The look in his eyes faded into something colder than ice and darker than pitch, and his voice grew distant. She wasn’t sure then if it was still her father who was speaking to her.
“I have my own agenda to tend to. You owe me. Do not forget it again!”
What Pael had become she couldn’t say, but whatever he was now, he vanished from before her with a static pop of emerald sparks.
Looking beyond where he had stood, she saw the dark stain of Gerard’s life blood smoldering on the floor. It was all she could do to bite back her grief, and keep from breaking into tears again. The knife scar that ran down her cheek tricked her into thinking a tear had escaped her new found force of will. As she went to brush it away, she couldn’t help but think that she had lost far more than just a lover this day. She had lost her father as well.
Chapter 31
Mikahl shivered inside the thick Shagmar fur coat he was wearing. It was still early summer, but in the Giant Mountains, it was snowing. Not actually new snowfall, Hyden had explained to the castle born Westlander, but windblown snow, left over from the previous winter. Mikahl didn’t care how it got there; to him it was snowing. The stuff was swirling about them, getting down his collar, and whipping into every little tiny opening of his warm wear.

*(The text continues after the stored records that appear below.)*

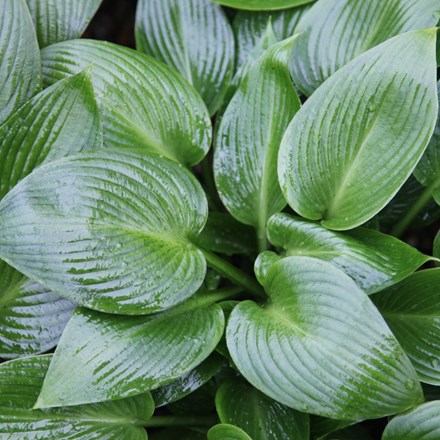 <i>Hosta</i> 'Devon Green'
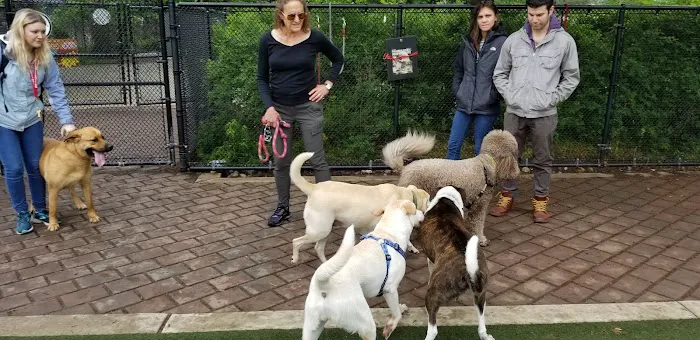 Big Dog Run 1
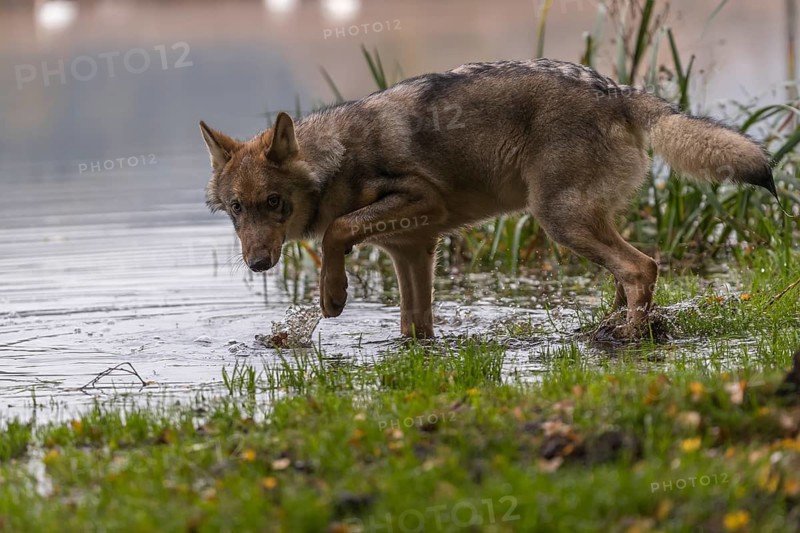 One young male eurasian gray wolf (Canis lupus lupus) standing at the shore of a lake, drinking
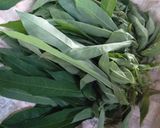 Foto langkah ke 2 dari resep Gulai Pangek Daun Kacang khas Minang.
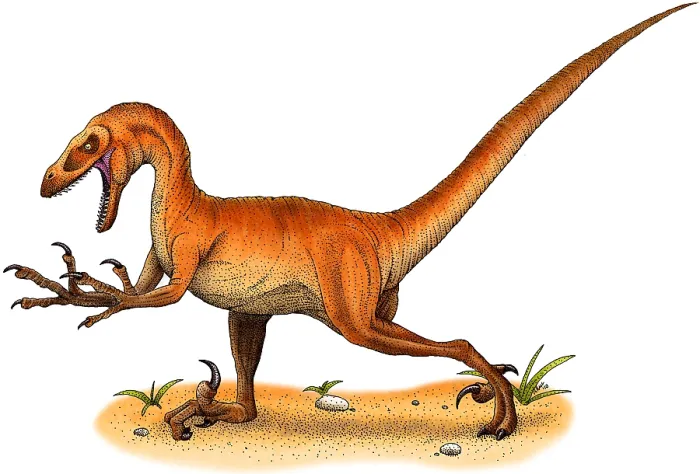 Framed Print : Velociraptor Framed Print : Velociraptor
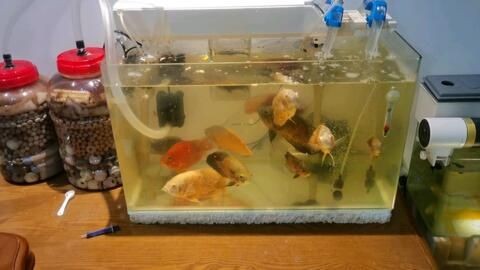 地圖魚在魚缸里能繁殖嗎（關于地圖魚的飼養誤區）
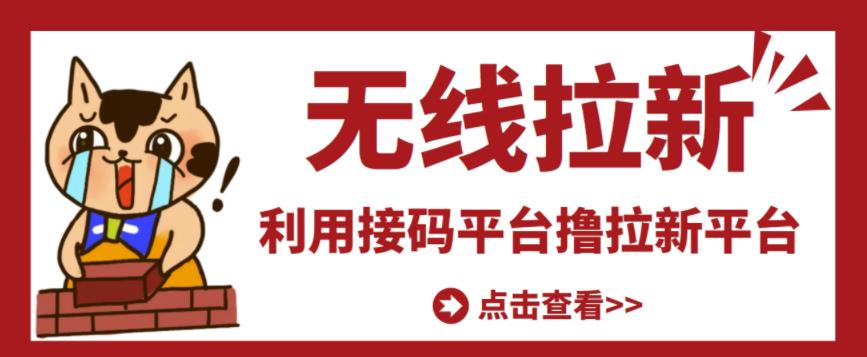 最新接码无限拉新项目，利用接码平台赚拉新平台差价，轻松日赚500+-风淘社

And the blasted wind! The wind was driving him crazy. Even up in Coldfrost, where the sea freezes solid for most of the year, it hadn’t been this cold. The numerous valleys they had already traversed hadn’t been so bad, almost spring like. The ridge they were passing over at the moment, however, was caked in ice, and so bitter and frigid, so slick and narrow, that Mikahl thought that he might lose his digits to the bite, if he didn’t tumble off the side of the mountain first.

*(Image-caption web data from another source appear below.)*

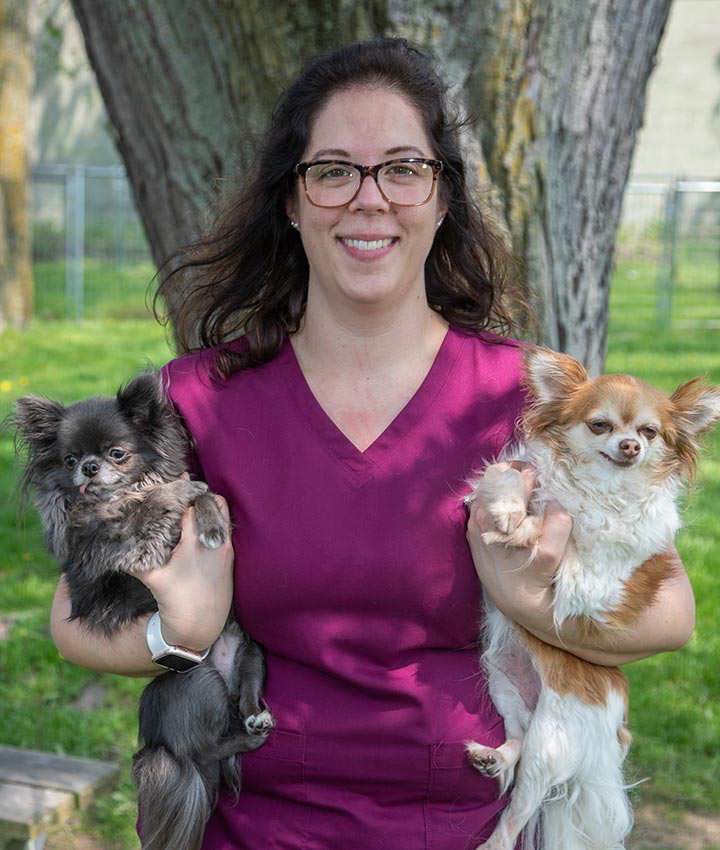Dr. Heather Wilsing, DVM | Sheboygan Animal Hospital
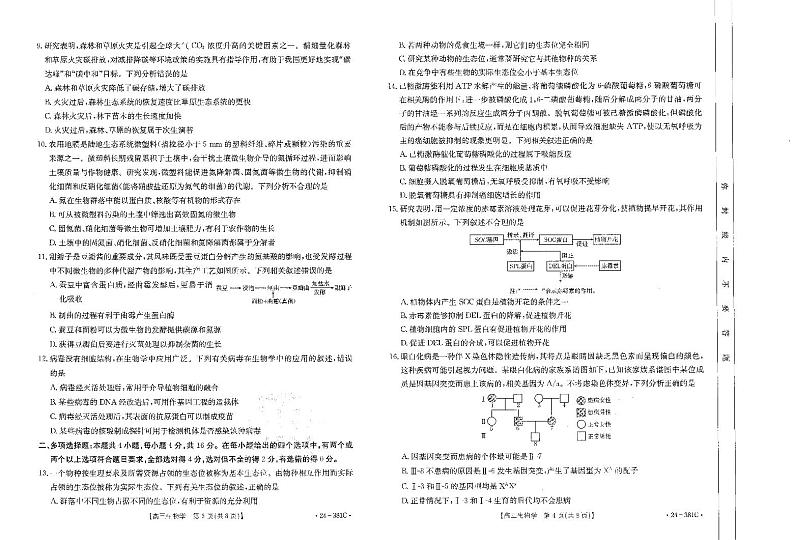 高三生物试卷第2页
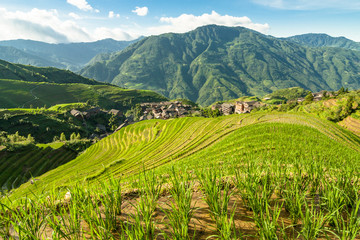 Longsheng rijstterrassen guilin china landschap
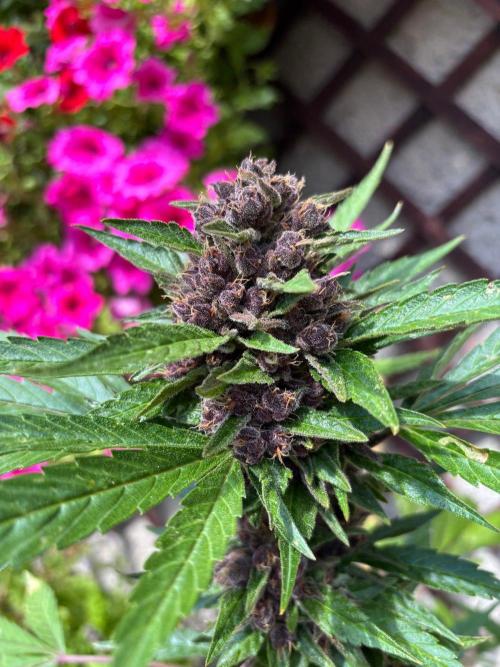 Lemon Cherry Cookies Auto Outdoor grow. Week 12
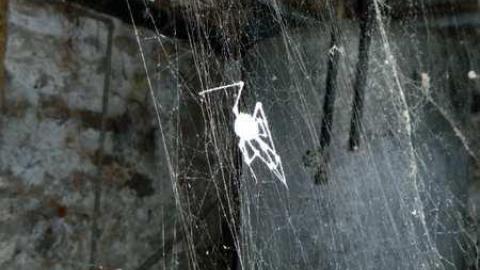 What Happened Here? - Fergus-Farmhouse-At-The-Gates64.jpg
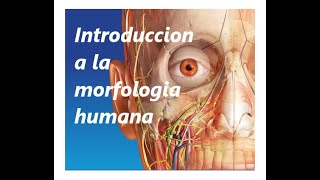 introducción a la morfología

He had been forced to lead his horse, Windfoot, the last few days. How the others walked up and down the treacherous slopes was beyond him. His legs were sore, he was tired, and confused, but as he shivered again, he decided that the worst thing about all of it was that he was so blasted cold.
Loudin had been le
ading the two horses that carried his precious bark lizard skin. In the valleys, he had ridden the lead horse awkward style, just like they had back in the Reyhall Forest, but it was far too treacherous on this narrow pass for either of them to ride. More than once, the lizard skin had almost caused disaster. They had to untie the roll so that the horses could make a few tight turns, once around a washout, and again where the pass turned, hugging the mountain. The skin had grown stiff in the cold, and wouldn’t give at all. It was just like hauling a log.
Once, the front horse was startled by a chunk of falling ice. It tried to bolt forward, nearly yanking the rear horse off its hooves. This in turn, yanked the front horse backwards. Both horses, the bark lizard skin, along with Loudin as he grabbed after his prize, almost went over the edge.

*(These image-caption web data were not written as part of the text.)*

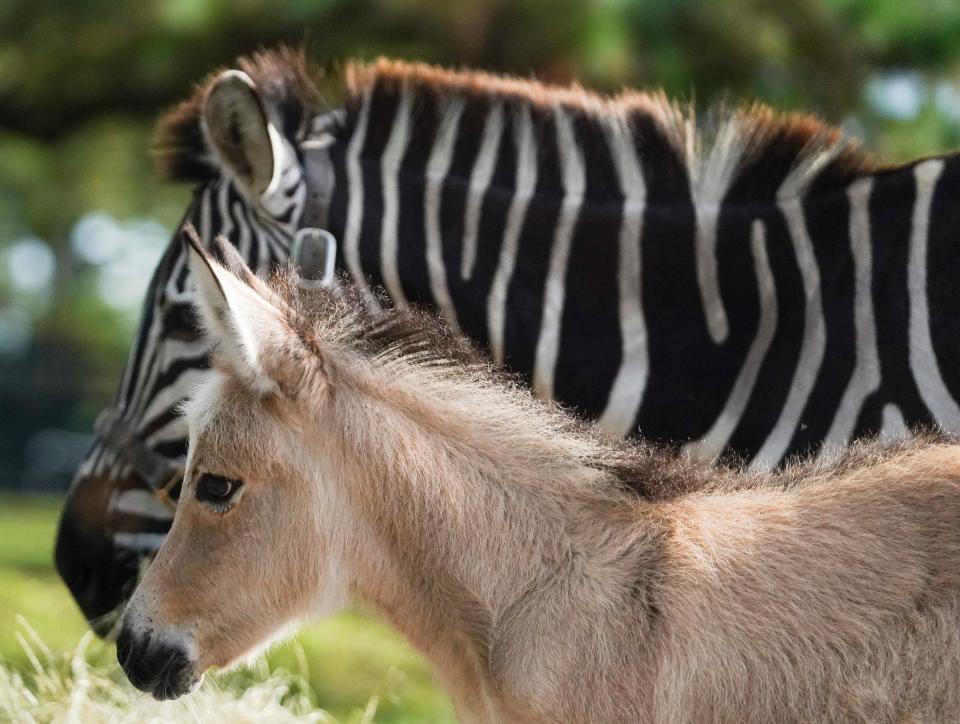 Zing, a 12-day-old male zonkey, with his mother Zola, a 13-year-old female plains zebra, Thursday, July 13, 2023, at CoaSTable ranch in Palm City. Zing is a rare hybrid, made even more unique because his father, Dominic, is a miniature donkey. For more information, go to www.minizonkey.com.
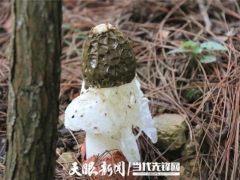 劍河：科技助推產(chǎn)業(yè)革新 珍稀食用菌迎來(lái)新突破 ()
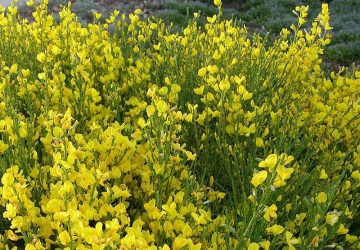 arrosage, entretien et culture du genet cytisus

After that, the bulky skin came off of the horses at even the slightest sign of trouble. Mikahl was certain that Loudin expected a small fortune for the skin. Only great wealth, or the prospect of it, would give a man like Loudin cause to make such a miserable and treacherous journey as this one was turning out to be.
The other two, Mikahl found, often left him shaking his head in wonder. They had been on foot the entire way, and had jogged for days alongside the horses in the lower passes and valleys. Not once had they slowed the group. Not once had they complained or asked for rest. Even though the elf’s wounded eye was obviously troubling him, he never voiced his discomfort to his companions. And Hyden Hawk, to Mikahl’s great surprise and respect, hadn’t even been winded after jogging uphill most of a day. Neither of them seemed affected by the sharp bite of the wind, or the slick icy terrain.